VP J.D. Vance delivered a sweeping campaign speech for Congressman Zach Nunn in Des Moines on May 5, 2026, touching on tariffs, SNAP fraud, housing costs, and Iowa casualties in Iran. Our fact-check rates one claim False, four Misleading, and two Unverifiable – including his assertion that Iowa farm exports doubled in 18 months. Assistance from Claude AI.
Verdict Summary
| Claim | Verdict |
|---|---|
| 186,000 dead Americans receiving SNAP benefits | Unverifiable |
| 355,000 people receiving double SNAP benefits | Unverifiable |
| Rent declining for “eight months running” for first time in over five years | Misleading |
| Iowa’s agricultural export market has “doubled” in 18 months | False |
| Minneapolis fraud involved “after-school services for autistic children” | Misleading |
| Iowa has “lost about half of our KIA” in Iran operation | Misleading |
| Trone Garriott voted to “push biological males in girls’ sports as early as kindergarten” | Misleading |
| American families are “$1,300 richer” since Trump took office | Unverifiable |
Claim 1: “186,000 dead Americans getting food stamps right now” and “355,000 people on SNAP benefits receiving double benefits”
Summary
These figures originated from Agriculture Secretary Brooke Rollins in November 2025 and are plausible in direction — SNAP does have documented improper payments — but the underlying data has not been independently verified, and the numbers have been inconsistently stated by Rollins herself.
Analysis
Vance attributed both figures to Agriculture Secretary Brooke Rollins, who first disclosed them in media appearances beginning November 12, 2025. According to Rollins, the data came from a USDA demand that states turn over five years of SNAP recipient records — names, dates of birth, Social Security numbers, and addresses (Newsweek, 2025). Only 29 states complied; 21 others, mostly Democratic-led, refused and sued (Snopes, 2025).

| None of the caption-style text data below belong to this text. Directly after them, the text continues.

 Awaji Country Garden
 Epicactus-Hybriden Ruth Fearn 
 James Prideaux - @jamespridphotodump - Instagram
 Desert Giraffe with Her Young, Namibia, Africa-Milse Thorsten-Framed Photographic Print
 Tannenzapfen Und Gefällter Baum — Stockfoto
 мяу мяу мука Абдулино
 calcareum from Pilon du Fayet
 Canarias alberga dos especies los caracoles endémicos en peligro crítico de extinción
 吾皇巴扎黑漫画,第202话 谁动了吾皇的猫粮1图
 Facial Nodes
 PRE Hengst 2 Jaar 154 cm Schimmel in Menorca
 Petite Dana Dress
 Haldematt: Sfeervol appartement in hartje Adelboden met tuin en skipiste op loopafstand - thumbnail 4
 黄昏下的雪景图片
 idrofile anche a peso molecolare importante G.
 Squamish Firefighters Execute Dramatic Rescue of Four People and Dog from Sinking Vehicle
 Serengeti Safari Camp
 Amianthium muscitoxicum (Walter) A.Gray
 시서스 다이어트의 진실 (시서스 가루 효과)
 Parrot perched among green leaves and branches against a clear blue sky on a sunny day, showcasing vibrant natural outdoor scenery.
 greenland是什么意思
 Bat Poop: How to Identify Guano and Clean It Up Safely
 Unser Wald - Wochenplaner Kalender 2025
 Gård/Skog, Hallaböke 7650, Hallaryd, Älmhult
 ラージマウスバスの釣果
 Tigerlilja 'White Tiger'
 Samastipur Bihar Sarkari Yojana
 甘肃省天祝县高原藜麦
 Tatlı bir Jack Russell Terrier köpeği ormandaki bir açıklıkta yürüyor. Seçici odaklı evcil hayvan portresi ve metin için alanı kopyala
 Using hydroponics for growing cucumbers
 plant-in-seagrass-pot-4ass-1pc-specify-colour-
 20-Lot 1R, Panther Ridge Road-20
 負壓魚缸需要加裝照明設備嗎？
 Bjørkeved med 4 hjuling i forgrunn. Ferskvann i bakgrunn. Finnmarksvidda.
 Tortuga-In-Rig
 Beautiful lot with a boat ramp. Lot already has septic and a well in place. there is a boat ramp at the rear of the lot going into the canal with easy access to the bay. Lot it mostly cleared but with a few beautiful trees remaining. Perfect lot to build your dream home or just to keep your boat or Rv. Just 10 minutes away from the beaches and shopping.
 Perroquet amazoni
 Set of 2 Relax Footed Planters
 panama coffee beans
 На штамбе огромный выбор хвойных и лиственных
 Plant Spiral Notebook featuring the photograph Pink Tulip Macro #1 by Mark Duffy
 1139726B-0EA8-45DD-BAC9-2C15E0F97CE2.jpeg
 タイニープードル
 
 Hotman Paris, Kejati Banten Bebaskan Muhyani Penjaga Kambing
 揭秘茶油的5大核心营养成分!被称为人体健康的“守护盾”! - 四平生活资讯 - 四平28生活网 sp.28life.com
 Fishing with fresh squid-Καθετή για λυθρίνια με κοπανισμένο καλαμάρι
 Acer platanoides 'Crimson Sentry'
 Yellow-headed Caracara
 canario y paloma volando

The figures have shifted in Rollins’ own telling, creating credibility concerns. In her initial Fox News appearance on November 12, she cited approximately 5,000 dead recipients and 500,000 double-enrolled participants. The next day, on Newsmax, she revised the dead-recipients number to 186,000, saying the 5,000 figure covered just one month (National Pulse, 2025). Separately, the double-enrollment figure Vance cited as 355,000 has been stated elsewhere by Rollins as 500,000 (NPR, 2025). These inconsistencies were noted by both NPR and Snopes in their reporting.
Snopes asked the USDA to provide independently verifiable data to support Rollins’ claims. Instead of data, a USDA spokesperson provided a blanket policy statement (Snopes, 2025). That refusal to supply the underlying dataset means no external analyst has been able to check the methodology. Snopes left the claim “unrated” for this reason.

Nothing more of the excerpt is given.